Pour nous, peu importe l’habillage juridique, peu importe ce que la loi a prévu ou qu’elle n’a pas prévu, nous n’allons pas aller à un procès où les acteurs des faits n’ont pas été entendus. C’est clair. Pour nous c’est fondamental et on ne va pas continuer dans un procès où les acteurs n’ont pas été entendus.
Après, si on doit user d’artifices juridiques pour voir comment ils comparaissent, on est ouvert à ça. Et nous sommes d’accords pour aller à la table de négociation pour trouver les artifices juridiques. Mais, nous n’allons pas continuer dans ce procès s’ils n’ont pas été entendus. Donc, comme on veut que ce procès se termine, nous allons continuer à discuter pour trouver la solution.

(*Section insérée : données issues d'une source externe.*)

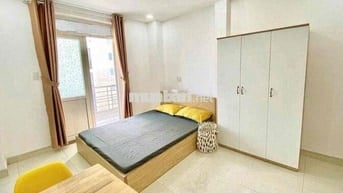 🔥PHÒNG STUDIO BAN CÔNG_THANG MÁY_KHU SÂN BAY_GẦN CV GIA ĐỊNH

Si les acteurs des faits ne sont pas entendus, nous n’allons pas continuer le procès. Le président de la Cour a dit la dernière fois à l’audience que ces acteurs seront entendus le 16 novembre, mais, on ne nous avait pas donné l’occasion de répondre à cela. Nous ne nous reconnaissons pas dans son programme. Mais, il est libre de faire son programme, c’est lui le président de la cour. Nous ne nous reconnaissons pas dans son programme. C’est parce que nous ne nous reconnaissons pas dans son programme, qu’aujourd’hui, aucun de nos témoins n’est venu à la barre.
Nos inquiétudes sont objectives. Pourquoi? Parce qu’à l’enquête préliminaire, on aurait dû entendre ces acteurs des faits. A l’instruction qui a duré 4 ans, on aurait dû les entendre. Pourquoi ils n’ont pas été entendus? Deux personnes se battent dans une maison et on accuse quelqu’un qui habite dans un autre pays. Ce sont les deux personnes qui se battent qui doivent être entendues.
Si elles ne le sont pas, c’est qu’il y a un problème. Il n’est point question qu’on nous dise d’entendre d’abord nos témoins secondaires. Et dire que les autorités témoigneront ensuite. Et s’ils ne viennent pas? Nous n’allons pas prendre le risque qu’elle se fasse condamner alors que tout le monde sait qu’elle est innocente. C’est clair et c’est net. Demain, on va venir pour discuter. Aucun de nos témoins ne viendra si on n’est pas d’accord ».